The move into biofuels have forced global food prices up by 75 per cent, according to a secret internal World Bank study cited in London’s Guardian newspaper. That is far higher than previously estimated.

The daily says that the damning unpublished assessment is based on the most detailed analysis of the crisis so far, carried out by an internationally-respected economist at the bank.

The figure gives the lie to US government claims that plant-derived fuels contribute less than three per cent to food-price rises.

Why is the report secret?

To avoid embarrassing or attracting the ire of leaders of the United States, the European Union and some other states such as Brazil who are banking on biofuels.

Rising food prices have pushed 100 million people worldwide below the poverty line, estimates the World Bank, and have sparked riots from Bangladesh to Egypt.
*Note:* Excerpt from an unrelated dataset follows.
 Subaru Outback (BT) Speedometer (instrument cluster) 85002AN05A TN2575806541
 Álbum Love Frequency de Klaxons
President Bush complacently linked higher food prices to higher demand from India and China, but the leaked World Bank study contradicts him.

"Rapid income growth in developing countries has not led to large increases in global grain consumption and was not a major factor responsible for the large price increases," it says.
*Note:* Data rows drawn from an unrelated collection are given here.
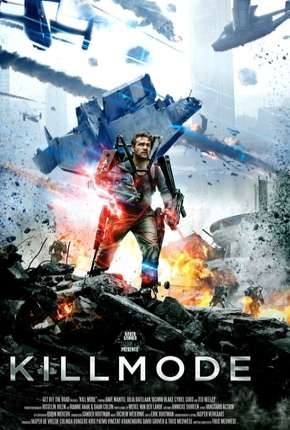 Kill Mode - Legendado Download Torrent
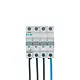 Eaton PLS6-B16-4-MW-FLN installatieautomaat b-kar 4p 4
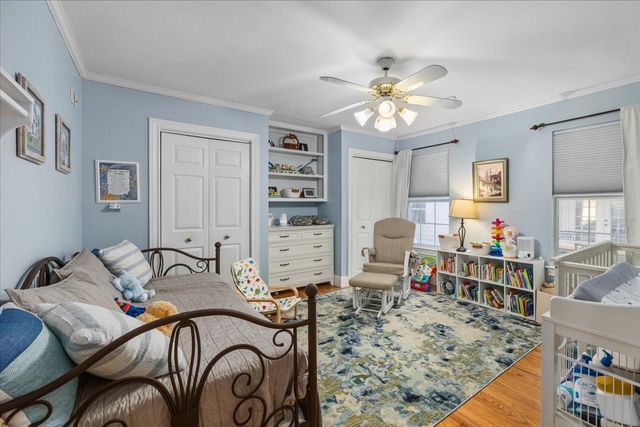 4520 Birchman Avenue, Fort Worth, TX 76107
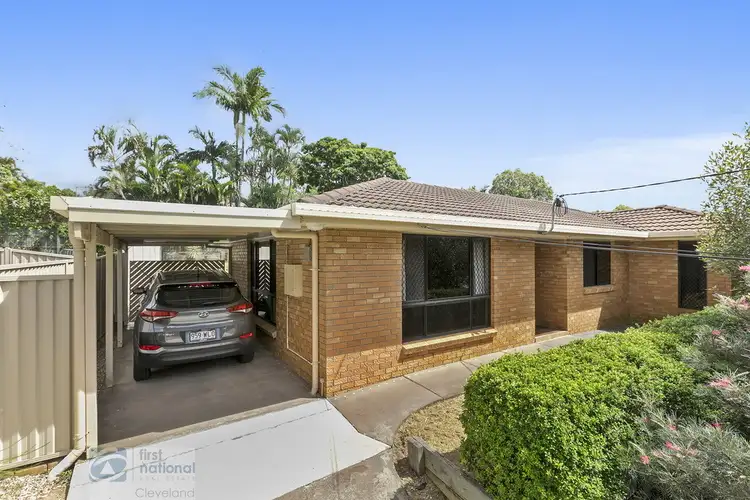 Third view of Homely house listing, 10 Redruth Street, Alexandra Hills QLD 4161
"Without the increase in biofuels, global wheat and maize stocks would not have declined appreciably and price increases due to other factors would have been moderate," says the report.

The basket of food prices examined in the study rose by 140 per cent between 2002 and February this year. The report estimates that higher energy and fertiliser prices accounted for an increase of only 15 per cent, while biofuels have been responsible for a 75 per cent jump over that period.

It argues that production of biofuels has distorted food markets in three main ways.

First, it has diverted grain away from food for fuel, with over a third of US corn now used to produce ethanol and about half of vegetable oils in the EU going towards the production of biodiesel.

Second, farmers have been encouraged to set land aside for biofuel production.

Third, it has sparked financial speculation in grains, driving prices higher.

World cereal stocks are at an all-time low, food-aid programmes have run out of money and millions face starvation. Yet wealthy countries persist with plans to use grain for petrol.

Next year, the use of US corn for ethanol is forecast to rise to 114 million tonnes - nearly a third of the whole projected US crop. American cars now burn enough corn to cover all the import needs of the 82 nations classed by the UN's Food and Agriculture Organisation (FAO) as "low-income food-deficit countries".

Weather plays a major role, too.

The FAO's latest food situation brief reports that, in 2007, "unfavourable climatic conditions devastated crops in Australia and reduced harvests in many other countries, particularly in Europe", while southern Africa and the western United States have been hit hard by severe drought.

Rising oil prices also increase the cost of food, as fossil fuels are important throughout the agricultural process, from tractor diesel to fertiliser production.